信号柱などに衝突する事故を起こしたレッカー車。周辺にはけん引していたトラックの積み荷が散乱した=20日夜、神戸市灘区(読者提供)
信号柱などに衝突する事故を起こしたレッカー車。周辺にはけん引していたトラックの積み荷が散乱した=20日夜、神戸市灘区(読者提供)

 20日午後8時10分ごろ、神戸市灘区一王山町の県道交差点で、大型トラックをけん引していたレッカー車が信号柱などに衝突した。灘署によると、運転していた男性(50)にけがはなく、「フットブレーキが利かなかった」と説明しているという。同乗していたトラック運転手の男性(41)にもけがはなかった。署が詳しい状況を調べている。

 同署によると、現場は神戸大鶴甲第1キャンパスの南側で、六甲山から続く長い下り坂。レッカー車は故障したトラックをけん引していた。南進中に単独で事故を起こしたとみられる。
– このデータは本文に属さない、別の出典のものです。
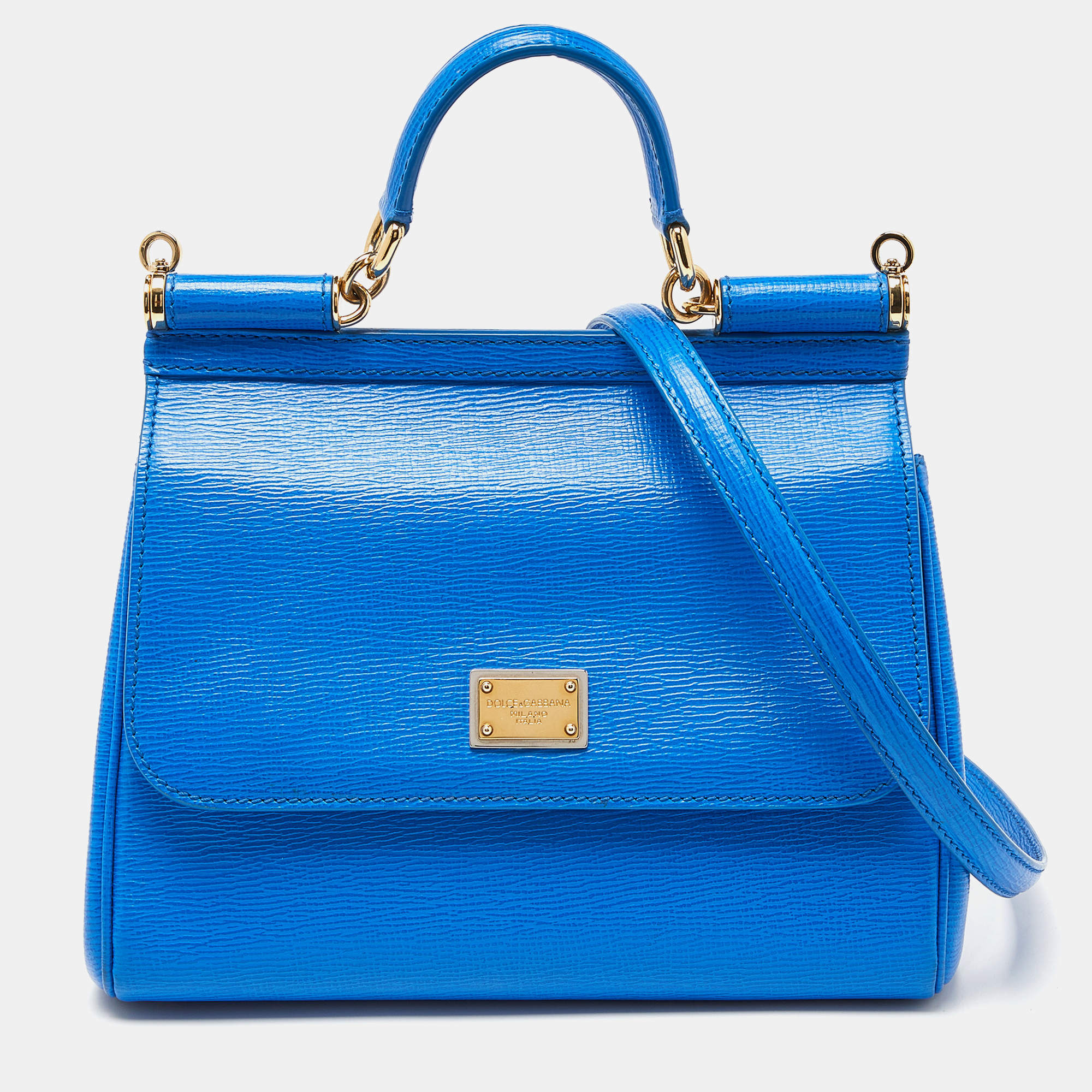 Pre Owned Dolce & Gabbana Blue Leather Medium Miss Sicily Top Handle Bag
 レッカー車は信号柱やガードレールを押し倒しながら停止。車両の前面が大破し、エンジンなどがむき出しの状態になっていた。周辺ではトラックに積んであったペットボトルが路上に散乱し、鶴甲2丁目交差点-高羽交差点間(約1・5キロ)では21日午前11時まで交通規制が続いた。また、周辺の住宅約420軒で一時停電も発生した。

 近くに住む女子高校生(15)は「ゴーン」という音で事故に気づいたという。約30分前に現場付近を通りがかったといい、「巻き込まれていたらと思うと恐ろしい」と振り返った。